Another problem that confronts us when reading prophecy is the lack of apparent continuity. Sometimes there is a clear sequence of ideas, for a whole chapter or several chapters at a time, as in the prophecy of Haggai. More often, however, prophecies given on separate occasions are printed continuously. These ‘oracles’, as they are known, need to be read and understood as self-contained, not necessarily related in any way to the oracles before and after them. Often, but not always, they are printed as separate paragraphs, sometimes under headings added by the editor for the sake of the reader.
What kind of literature is this? is one of the key questions we must ask ourselves as we read the Bible. This is more a matter of common sense than of academic literary criticism. Learning to ask questions of the text is the key to the front door.
For personal reflection:
Read Philippians 2:1-13. Consider how the poetic passage (thought possibly to be a very early Christian hymn) contributes to Paul’s argument.
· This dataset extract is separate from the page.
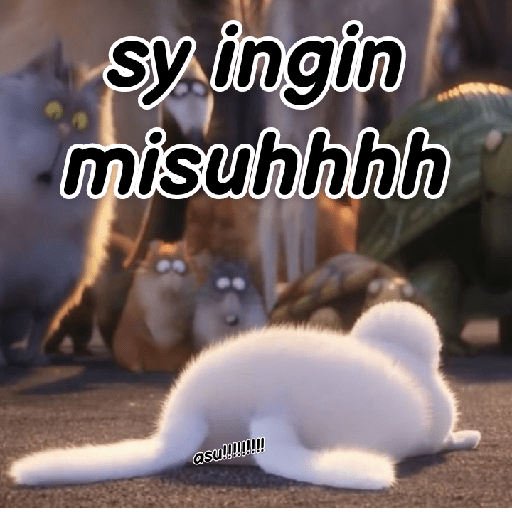 Kelinci lucu 28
Go through verses 6-11 in worship, and pray that its wonderful truths may illuminate and shape your own daily living.
For group discussion:
Read Psalm 95:7b-11, Matthew 7:24-27, and James 2:14-18. Discuss the similarities and differences between them, including the literary form in which they are written. How do the different forms contribute to the writer's purpose?
For action:
Watch a variety of programmes on television (perhaps a soap, reality TV, the news, a ‘docudrama’ and a documentary), and ask yourself, or discuss with family or friends, how the format is used to present a theme, and what the purpose (or agenda) is behind it.